And most importantly ...

#5 - I DON'T LIKE FRIED OYSTERS!

Wednesday, November 11, 2009

Puzzled

I am not much of a numbers girl. I prefer words. Words give me control - I know where I am going and where I want the reader to end up. Numbers have a way of controlling me. Numbers on the clock control what time I rise each morning. Numbers in my checkbook control how I shop or don't shop. Numbers on the bathroom scale, well ...

Maybe I was bored, or maybe I wanted a challenge. Whatever the reason, I tackled my first Sudoku puzzle. Pure luck helped me find the first number I could fill in. I soon determined that I had the key to the puzzle figured out and hastily filled in digits from one to nine horizontally and vertically. Things were going good until I viewed the puzzle from another angle. I had duplicated digits in several of the nine 9-square boxes! I didn't feel so smart any longer.

Sudoku is restricting. There is an exact answer to each puzzle. One digit out of place and the whole puzzle is a mess!

Not so with words. One can "write around" a problem. If it doesn't work one way - try another. Freedom of speech, or in this case freedom of the written word, truly is freedom! One is not limited by boundaries set forth by another; she sets her own boundaries and then writes to explain them. So I say to you would be poets, writers, authors, all commanders of the English language, "Write on!"

Please excuse me now, I have a number puzzle to work!

Thursday, November 5, 2009

No Wonder!

I’m not a beer drinker. Never have been. Never plan to be. I am, however, trained in the art of intervention. In other words I spent three ours last evening learning how to (a) determine if someone should be “cut off” because they are becoming intoxicated, (b) detect suspicious behavior in the form of alcohol purchases for minors, (c) identify counterfeit identification, and (d) how to effectively address the preceding issues. I did this in the name of volunteerism. My son’s high school choir fundraises by selling concessions at the local hockey arena.

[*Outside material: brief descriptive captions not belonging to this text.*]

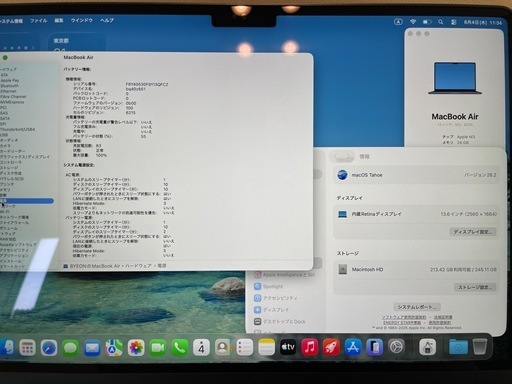 Apple Macbook Air M3 13インチ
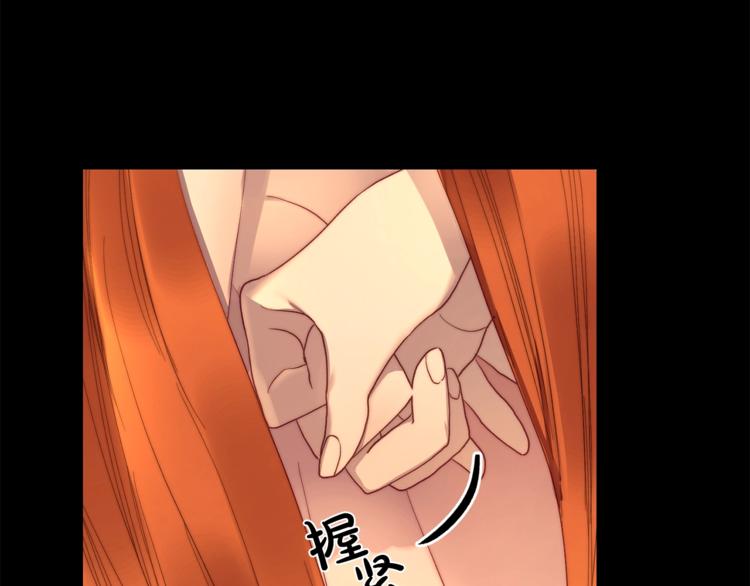 露西亚-攻略公爵计划韩漫全集-第68话 我要改契约！无删减无遮挡章节图片 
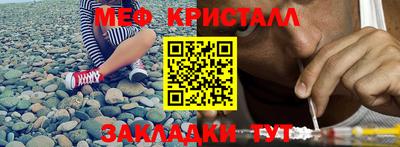 альфа пвп Железноводск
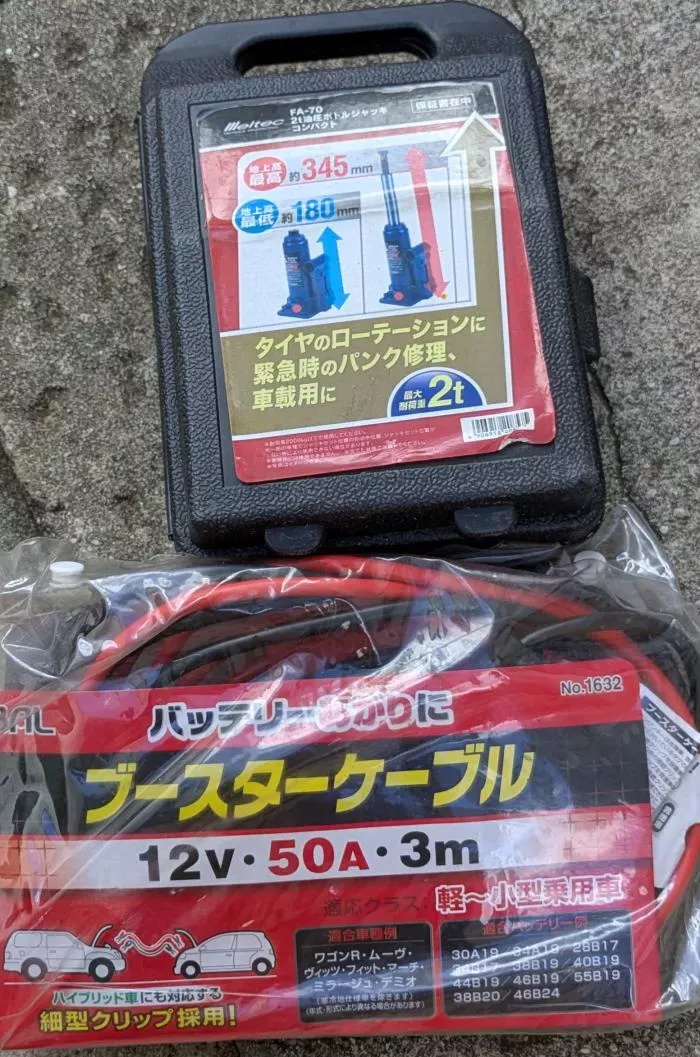 ジャッキとジャンプケーブル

I’m okay with all of this – really, but the "allocation of funds” (fancy school finance term) is a bit confusing. The training is to protect the vendor, the facility, and the volunteer from lawsuit. Hey, wait a minute! I’m a volunteer! I’m not even making any money! I am, however, busy ripping off customers at $7.50 per beer. SEVEN DOLLARS AND FIFTY CENTS! Two beers is half a pair of jeans. Two beers can buy school lunch for a week. Two beers can put five gallons of gas in my car! No wonder I don’t drink beer!

I'm thinking the training was actually for the customer. It taught me how to (a) cut him off, thus saving him pocketfuls of cash, (b) save him money by preventing him from giving away more beer, and (c) prevent youngsters from spending money on beer in the first place. Like I said - no wonder I don't drink beer!

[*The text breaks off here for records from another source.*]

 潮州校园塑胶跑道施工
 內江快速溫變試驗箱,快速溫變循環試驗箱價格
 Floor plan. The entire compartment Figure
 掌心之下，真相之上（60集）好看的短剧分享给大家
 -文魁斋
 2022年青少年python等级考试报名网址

Wednesday, October 28, 2009

Power? No Power?

Why is it that we never know how much we love something until it goes away? Like electricity, for instance? I am confident that I am prepared. I can handle a little inconvenience when necessary. What I don’t handle very well is unnecessary inconvenience.

A storm occurred. It knocked out power to 8500 homes in the area. It did not knock out power in my home, at least, not completely. Some lights worked. Some outlets worked. The refrigerator and water heaters worked sporadically. Some lights dimmed. None of the major appliances had enough power to run. Some power, just not enough. The furnace certainly did not work!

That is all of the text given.